New York City Opera, having disastrously tried to launch one new era, is now picking its way into another. To one side is a fiscal abyss; to the other a gentler, more cautious slope toward extinction, strewn with cut-rate Verdi. In between are several paths to a flourishing future, if only the company can be honest, humble, and radical enough to find one.
To begin with, it has to find a leader, fast. Last month, Gérard Mortier, the convention-scorning Parisian hired in 2007, bailed out before moving in, driven away by a shrunken budget. So for the moment, City Opera is operating deep in debt, with no immediate plans, no long-term strategy, and no clear sense of its own identity. This week, the company will present its sole big event of the season, a Carnegie Hall concert performance of Samuel Barber’s Anthony and Cleopatra. That work was a disaster when it opened the Metropolitan Opera’s Lincoln Center home, in 1966; let’s hope it doesn’t herald City Opera’s farewell.
Saving the company will require a deft and fearless hand. Mortier, for all his recklessness, analyzed the situation astutely and had ideas worth building on. He wanted to replace the frenzied repertoire system, which means keeping large numbers of often underrehearsed operas in constant rotation, with a stagione setup, which allows the company to focus on one production at a time. He rightly assumed that the Metropolitan Opera could monopolize the city’s appetite for La Traviata, Carmen, and La Bohème, and that there isn’t much point in offering flimsier second-tier versions. He correctly figured that it’s better to sell out fewer performances than fill half the seats night after night. His big misstep was to undercut those innovations with a banquet of large-scale operas, including a pair of five-hour extravaganzas, Olivier Messiaen’s Saint François d’Assise and Philip Glass’s Einstein on the Beach. Whoever takes on Mortier’s mess would do well to adapt his philosophy for these straitened times.

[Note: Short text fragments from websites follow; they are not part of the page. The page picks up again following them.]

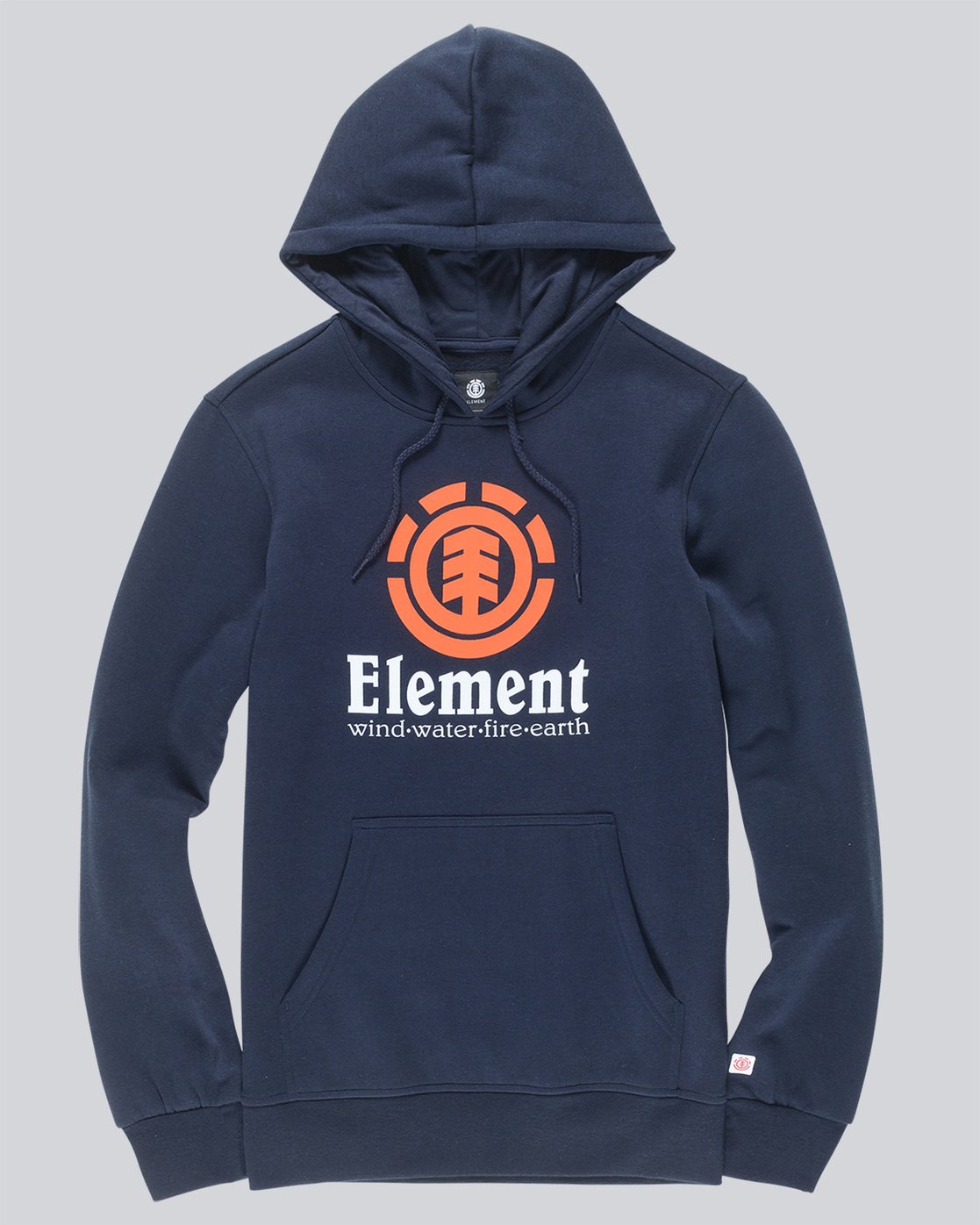0 Vertical - Hoodie Blue L1HOB4ELF8 Element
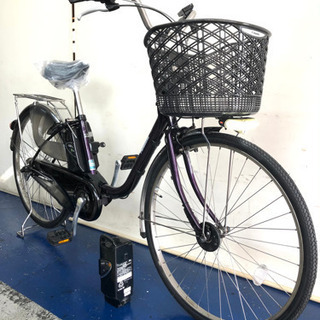 パナソニック　ビビDX 26インチ 12ah バッテリー2本付き　電動自転車　電動アシスト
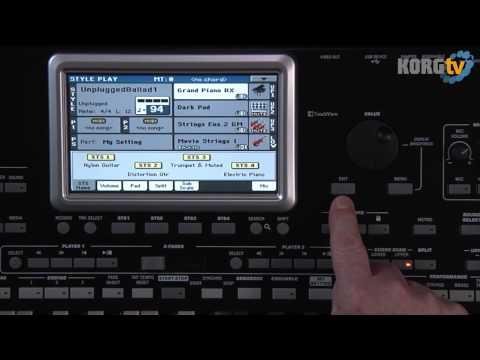 KORG TV / Pa3X Le Video Manual Teil 1/8 - Einleitung und Navigation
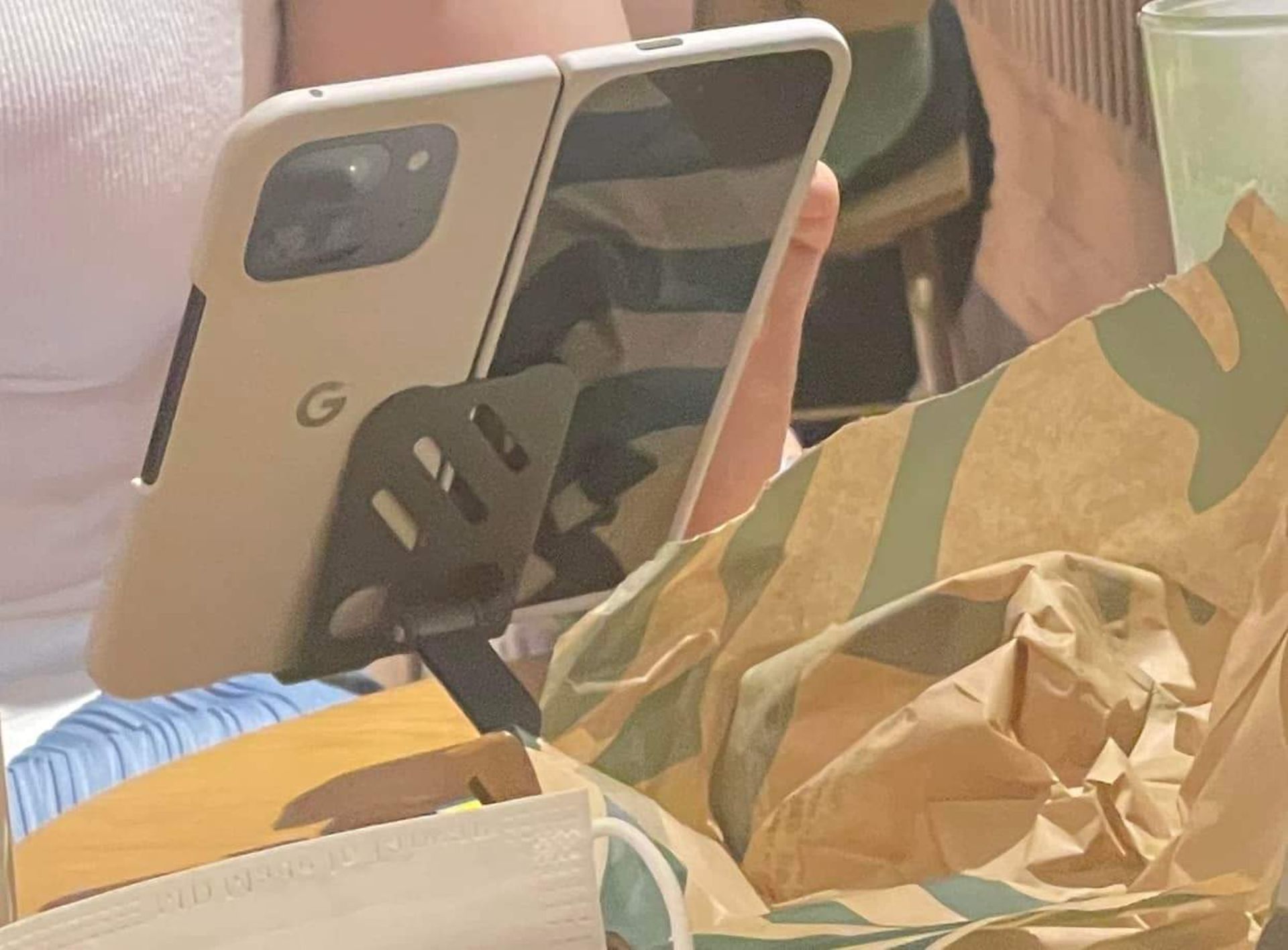 تصویر واقعی از گوشی Google Pixel 9 Pro Fold در تایوان گرفته شده است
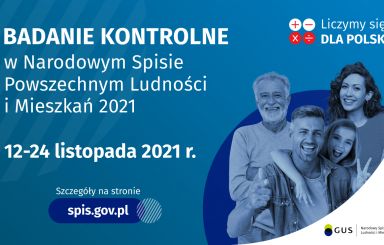 Badanie kontrolne w Narodowym Spisie Powszechnym 2021 - co to oznacza dla Ciebie?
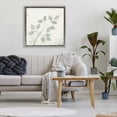thumbnail image 3 of Stupell Industries November Leaves Tree Branches Gray Framed Floater Canvas Wall Art, design by Michael Marcon, 3 of 10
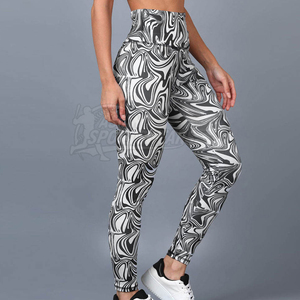 Leggings de Yoga de Cintura Elástica de Alta Calidad con Estiramiento en Cuatro Direcciones, Talla Grande, Estilo Push-Up, Secado Rápido, Sin Costuras - Product Image 3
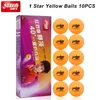 Tabele Tennis Raquets Konkurs Major 3 -gwiazdki D40 Ball Material ABS SEDEED Poly Plastic Oryginalne Ping Pong Balls 230616
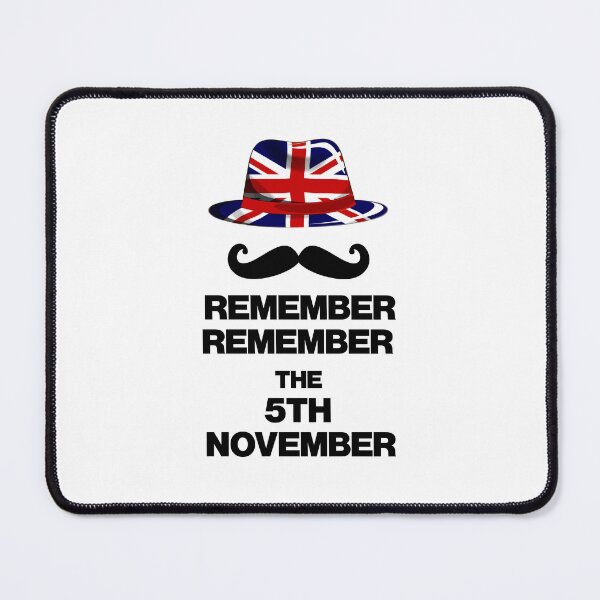 Item preview, Remember Remember The Fifth Of November designed and sold by creaencuba.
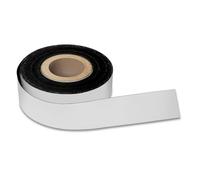 MTS Magnete - Nastro Magnetico, in PVC, 30 m x 25 mm, Colore: Bianco
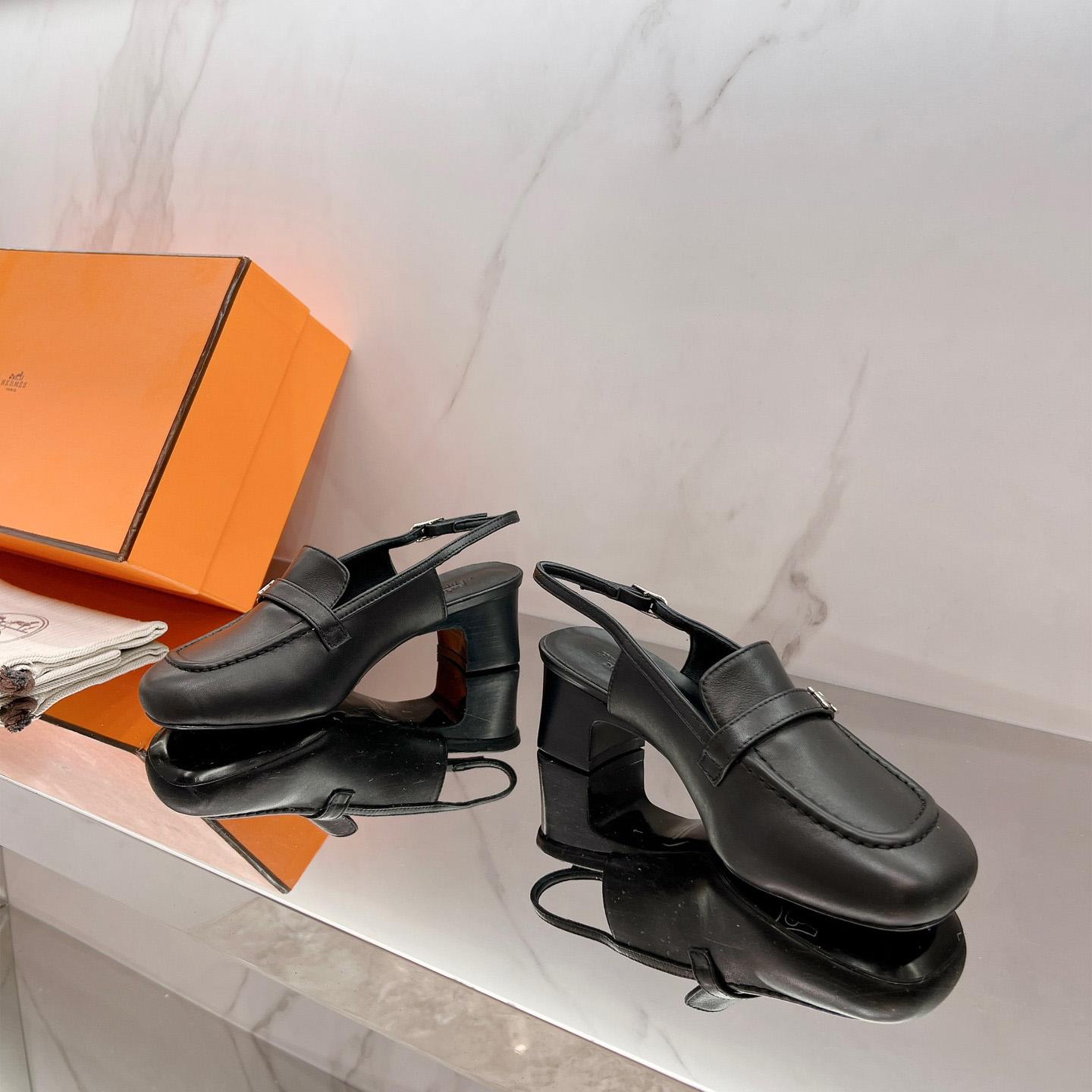 Hermes Infinie 50 pump - FashionPlug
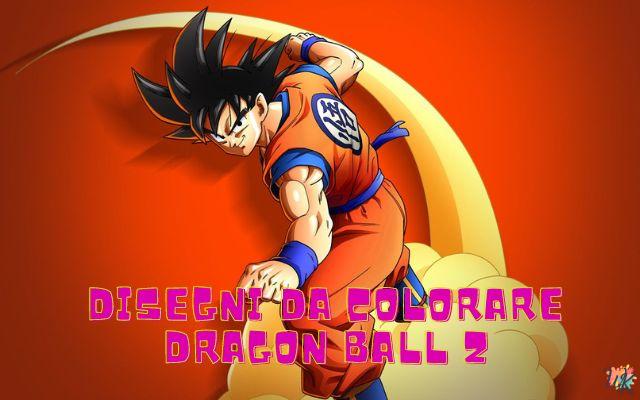 Dragon Ball Z 1 Disegni da colorare Dragon Ball Z
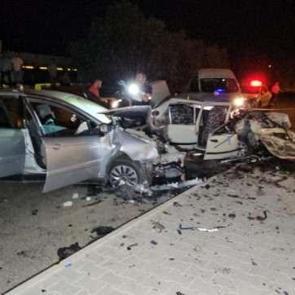 'Hatalı sollama' kazası: 4'ü ağır, 8 yaralı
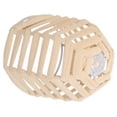 thumbnail image 1 of FUTUREORYY 1Set Small Woven Lampshade Rustic Shape Japanese Style for DIY Enthusiasts, 1 of 5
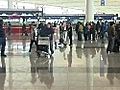 Asian,  U.S. air travellers stranded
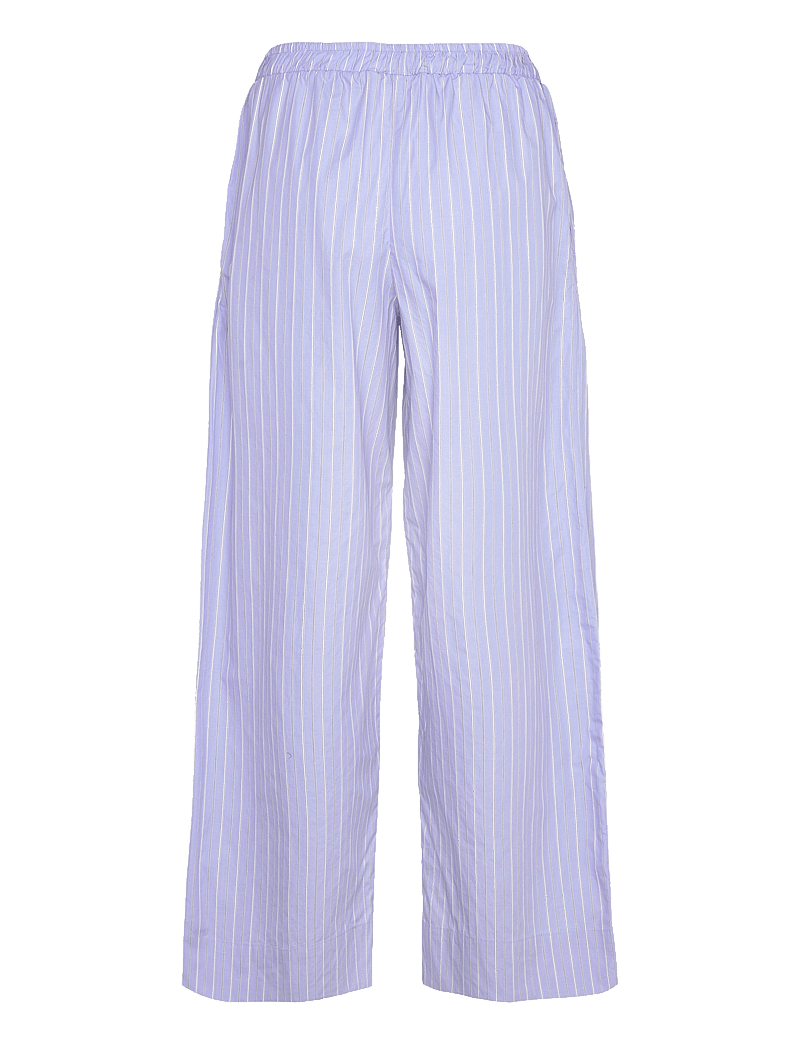H2O Fagerholt - Holiday Pants - hosen mit weitem bein - light blue stripe - 1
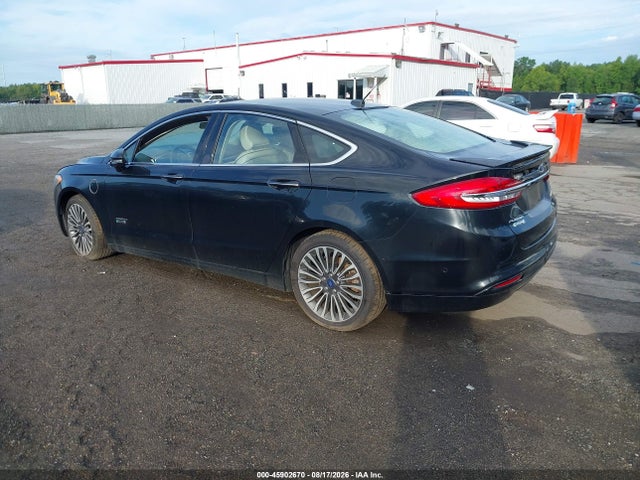 Aukcja sprzedaży 2017 Ford Fusion Energi Platinum, vin: 3FA6P0SU2HR409768, numer aukcji: 45902670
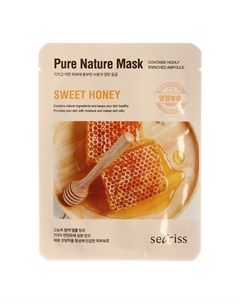 Маска для лица Pure Nature Sweet Honey 25 мл Secriss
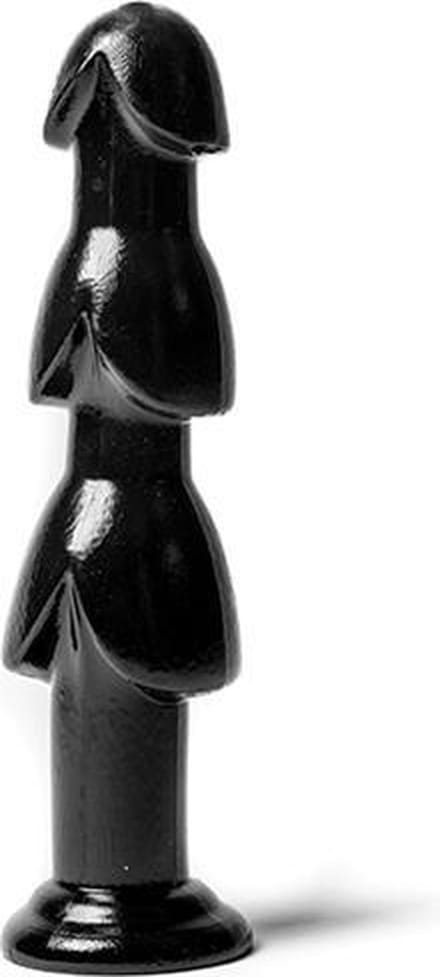 WAD - Thermal Detonator - Anaal Dildo - M - 26,5 cm - Zwart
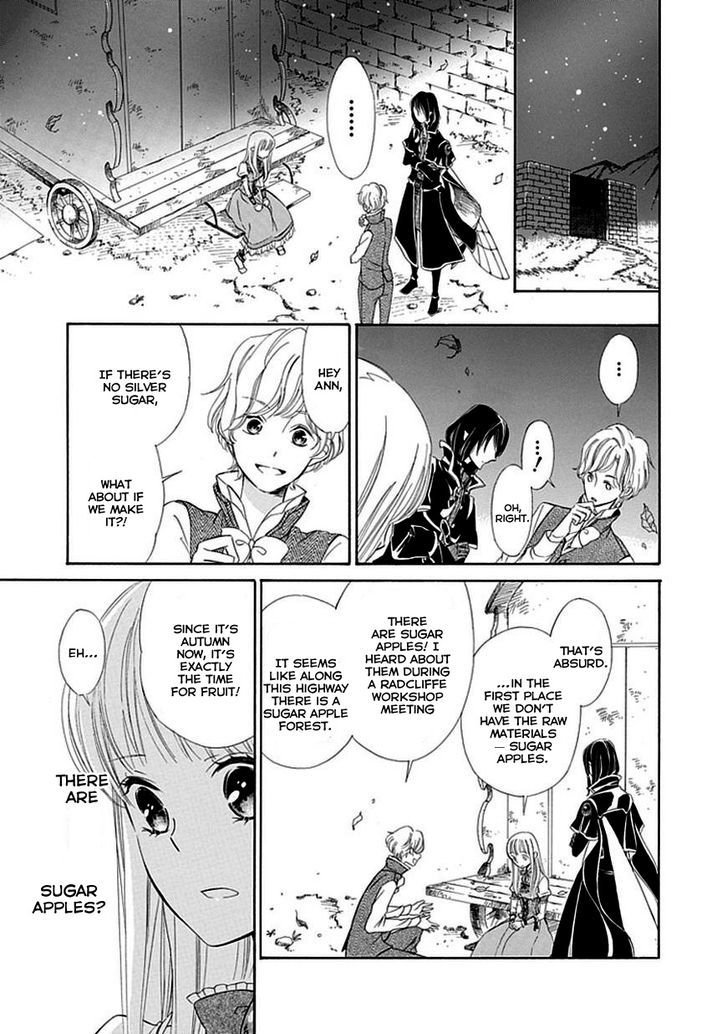 Ginzatoushi To Kuro No Yousei - Sugar Apple Fairytale Chapter 6 #21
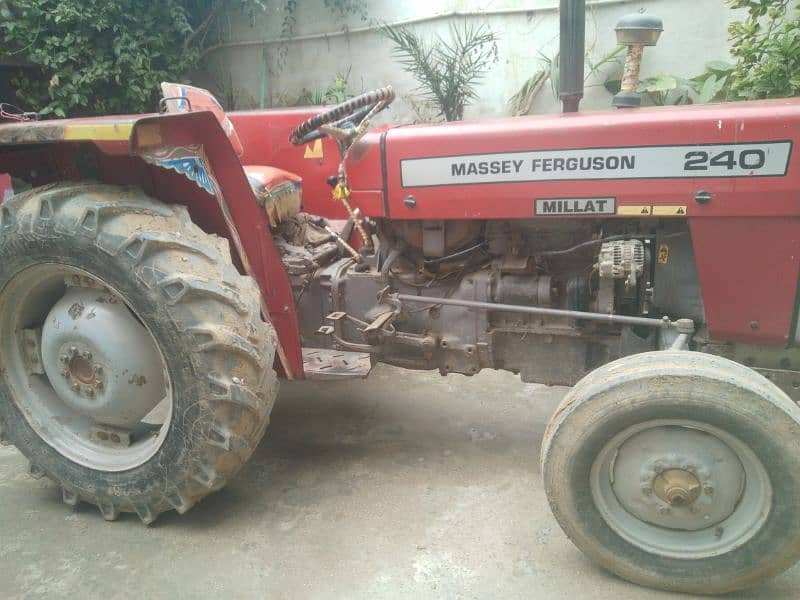 Massey 240 model 10 numbr qasoor genuine tractor 5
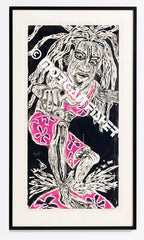 Woodcut + Intaglio | Portfolio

The new boss ought to dismantle City Opera’s current apparatus and reorganize it into a flexible roving troupe. The company, which has had to vacate the State Theater during renovations, can move back in next fall, but its home (rebaptized the David H. Koch Theater) is becoming a liability. It’s too big—an XL house for a company that is slipping toward S. Lean productions have looked shriveled there, and young voices sounded muffled. A chamber opera (Britten’s The Rape of Lucretia, say, or Haydn’s L’Isola Disabitata, or Adès’s Powder Her Face) demands a compact ensemble and a cozier room. So, ideally, do operettas (Lehár’s The Land of Smiles), baroque works (Monteverdi’s L’Orfeo, Lully’s Atys), monodramas (Poulenc’s La Voix Humaine), and Weimar shows (Weill’s Threepenny Opera). A reduced and nomadic City Opera could perform all of that work in an assortment of spaces, including Rose Hall in the Time Warner Center, the freshly revamped Alice Tully Hall, the Gerald W. Lynch Theater at John Jay College, the Peter Jay Sharp Theater at Juilliard, the Brooklyn Academy of Music, or Broadway’s growing list of vacancies. And once or twice a year, the company could mount a blowout production of Walter Braunfels’s The Birds, for instance, or Shostakovich’s Lady Macbeth of Mtsensk—operas that can really make use of the State Theater’s generous stage and pit, and can fill its 2,700 seats.
Forging a migrant opera company would force changes that a ruthless economy may demand anyway: simple but ingenious sets, a repertoire of intimate pieces, and an orchestra that can shrink and grow as the music, rather than the union, demands. City Opera will in any case need to renegotiate its relationship with the Met, which is crowding its junior rival. The Met’s new HD movie-theater broadcasts make its performances—live, large, loud, and up close—available for $23, undercutting City Opera’s role as an inexpensive alternative. At the same time, the juggernaut next door can no longer be counted on to deliver a stodgy product, leaving City Opera to do the innovating. The Met has expanded its turf from standby spectaculars into American opera, historical rarities, and modern psychodramas. Shostakovich’s satire The Nose, directed by the South African artist William Kentridge, would have been a perfect City Opera project. So would Janácek’s dark parable From the House of the Dead. The Met will do both next season.
So who’s going to bring all this change about? A couple of weeks ago, optimists were jazzed when speculations whipped around that the job would go to George Steel, a brave and canny darling of new-music enthusiasts with slender opera experience. Steel spent eleven years running Columbia University’s Miller Theater, then took over the Dallas Opera last October. A move back to New York would leave sore feelings in Texas, but City Opera is in distress, and Steel might just have the skills and the stomach to rescue it. He says he hasn’t been offered the job, and isn’t considering it; we’ll see if that’s still true in the coming days.
Whoever dares to take the job of general manager will inherit truckloads of trouble but also find a company capable of mustering charm, freshness, versatility, and a line of young and malleable singers waiting to incandesce. In this Darwinian atmosphere, City Opera will have to imitate the best of those artists, and make itself nimble, versatile, and very good. Boldness has its dangers, but mediocrity is lethal.